Sunniva O’Flynn, Irish Newsreels:
An Expression of National Identity?
Any
examination of newsreel production in Ireland, of the effect newsreel
exhibition may have had on audiences, of the response they may have elicited
from the British authorities prior to independence, or of the political
intentions of their generators, is severely constrained by the relatively
modest levels of indigenous production and the sparsity of film and related
material which has survived through the intervening decades. In the absence, until relatively recently, of
a national film archive, much early indigenous newsreel material which still
exists does so because it was salvaged as material of “historical”
importance. Two notable collections of
early newsreels exist in Ireland. In the
1940s the National Library acquired film material deemed of political
significance from the national film censor’s office, from the Irish Film
Society and from private sources. This
material, together with supplementary material from the British news libraries,
was compiled in the late 1950s by George Morrison into two feature-length documentaries
based almost exclusively on contemporary newsreel and actuality footage. The films – Mise Éire (I am Ireland)
and Saoirse? (Freedom?) – examine the history of Ireland between
1900 and 1922 and present a potent expression of a formative period in Irish
history. However, the salvage of
newsreels towards the production of these films was inevitably a selective
process. The newsreel items which have
survived are illustrative almost exclusively of political and “historical”
activity, without the balancing effect of the social interest / magazine items
which were common in complete newsreels at the time.

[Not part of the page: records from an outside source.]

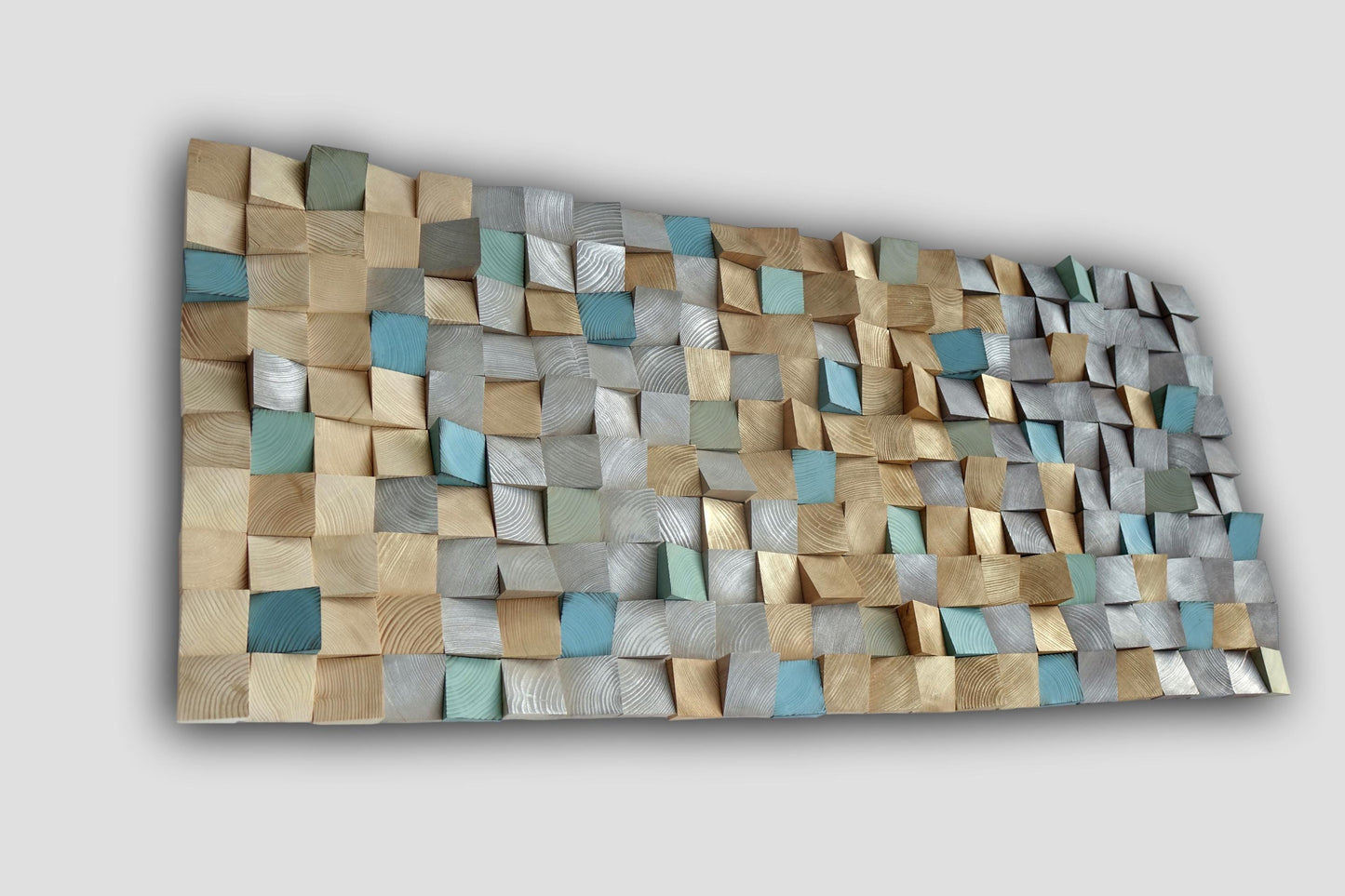 Earth tone wall art, smoky gray, sand, grayish brown with silver and golden tones, turquoise, green, sky blue, textured 3D wood wall decor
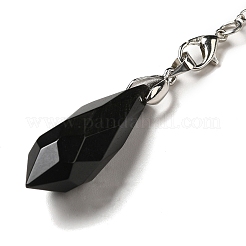 Pendule de radiographie en obsidienne naturelle&nbsp;G-H286-03P-06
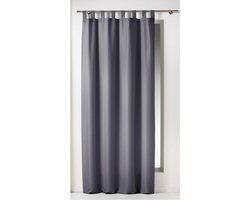 Gordijnen-Kant en klaar- met ophanglus 140x260cm uni polyester donker grijs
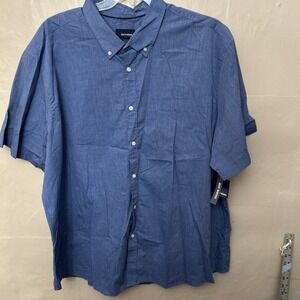 basic editions Mens 3XL Button Front Short Sleeve‎ Shirt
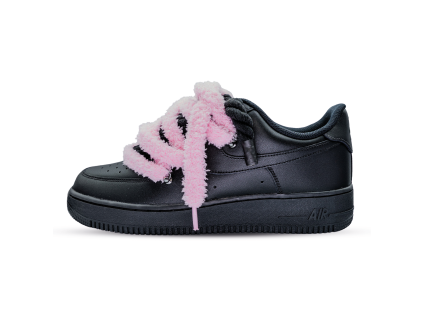 Nike Air Force 1 Black - Fluffy Laces Pink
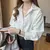 Imagen de Classic Striped Shirts Women Spring Autumn Polo-neck Single-breasted Long Sleeve Cardigan Blouse Fashion Office Shirt Top E80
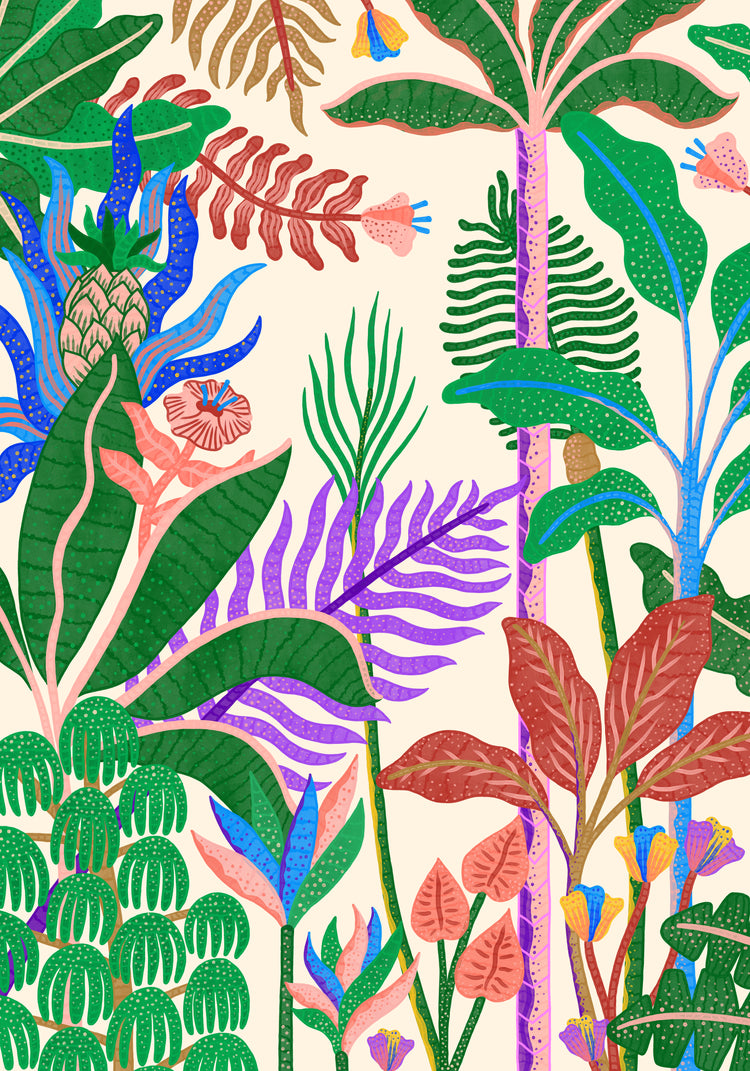 Jungle by Day Poster, crafted by Manne Jalilian, features a magical artwork of vibrant tropical plants and leaves. Ferns, banana leaves, and exotic flowers come to life in green, pink, purple, blue, and orange hues against a light background.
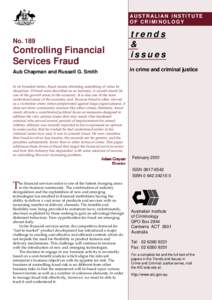 Controlling financial services fraud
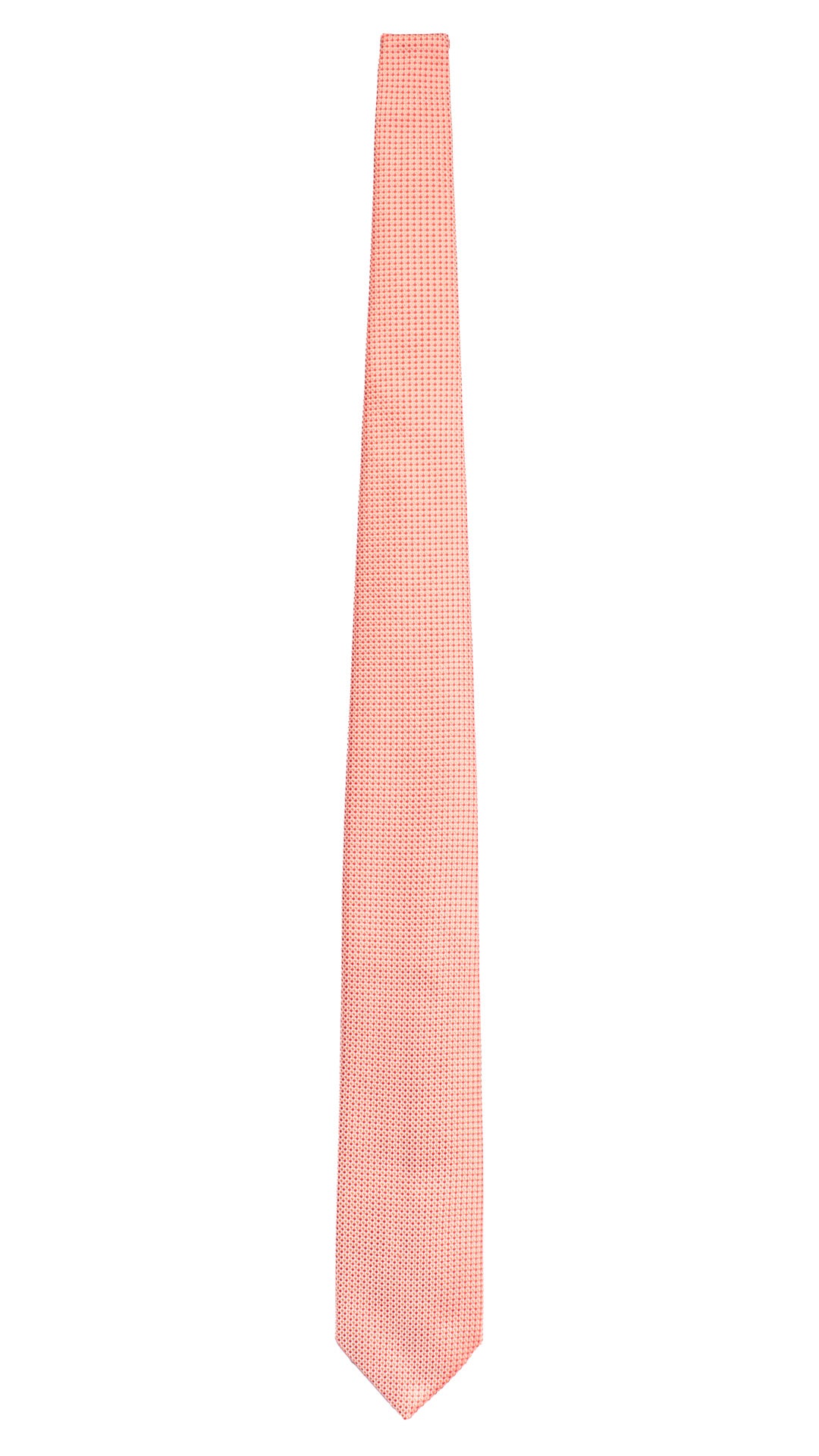 Cravatta di Seta Fantasia Rosa Salmone Rosso Bianco 7631 Made in Italy Graffeo Cravatte Intera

Another source of surviving newsreel
images from this early period is the Baum Collection, which recently came to
auction in Dublin. Harold Baum, cinema
owner and film distributor, avidly collected early Irish and British
newsreels. However, he appears to have
been interested only in those films which illustrated political and military
activity, or related to aviation.
The Irish Film Archive recently
preserved a collection of films made by camera-man Gordon Lewis who worked
originally with Norman Whitten on the Irish Events Newsreel and later as a
stringer for Pathé in Dublin. The collection donated to the Archive by Sean,
son of Gordon, Lewis includes fragments of original camera negatives of Irish
subjects filmed for both the Irish and British news companies. Most are images
of political significance: British
troops in Ireland; Dublin after the 1916 Rising; Sinn Fein funerals; Michael
Collins during his election campaign in Armagh.
There are also sequences of social interest such as an agricultural show
at the RDS and a garden party in Dublin Zoo.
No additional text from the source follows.